比肩
定義
比肩は十神のひとつ。日主に対し、他干が日主と同五行かつ陰陽が同じ。例:甲日に甲、乙日に乙。劫財と合わせて「比劫」と呼び、「同我」の類。差は陰陽のみ。
判定の仕方
まず日干の五行と陰陽を決め、透出の干が同我かつ同極性かを見る。地支蔵干の透出も比肩を論じうるが、力は天干透出より弱いことが多い。月令本気が比肩なら、自立と分財の議題が強まりやすい。
よくある象義
- 同輩・同僚・パートナー:横の関係における「並び立つ」感覚。
- 自立と競争:自らの力で進める一方、並立の奪い合いも起きやすい。
- 財の分流:比劫が財を見るとき、伝統では「分財/争財」構造を論じやすい。財星の強弱と護財の官殺を見る。

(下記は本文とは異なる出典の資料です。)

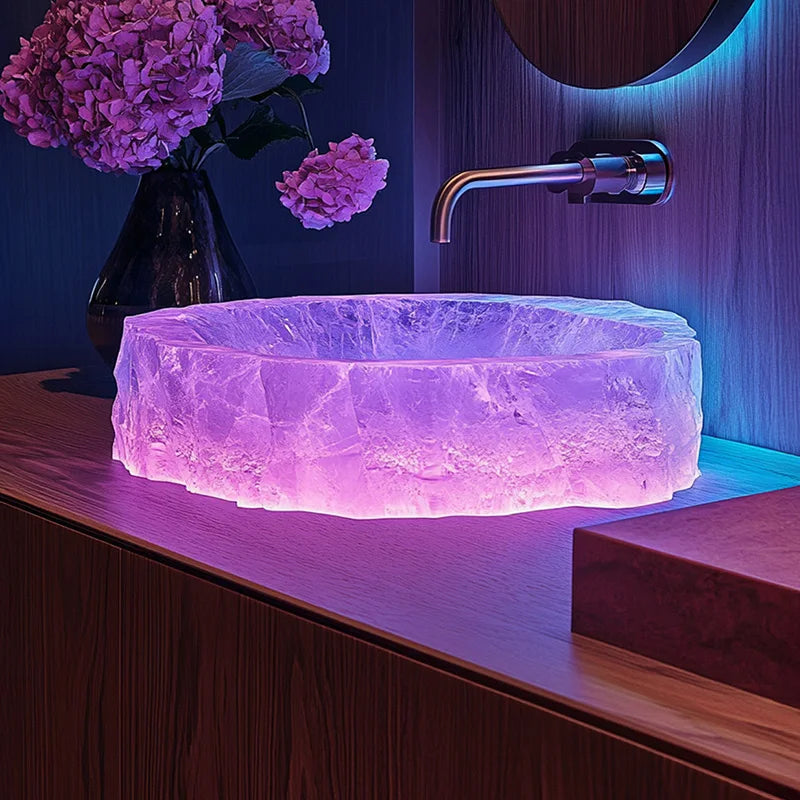 Resin dream crystal stone wash basin custom sales office model room bathroom single basin art table basin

- 社会協働:身弱で比劫を得れば幫身。身旺で比劫が重なれば過剛に注意。
使用の境界
比肩を見てすぐ「兄弟がいる」「破財」と断じない。宮位・旺衰・大運流年・具体的な人事の問いが、象義の重みを変える。
落点の宮位(年/月/日/時)、通根の深浅、大運流年の重ねが、重みを変える。十神の名称だけで事を断じない。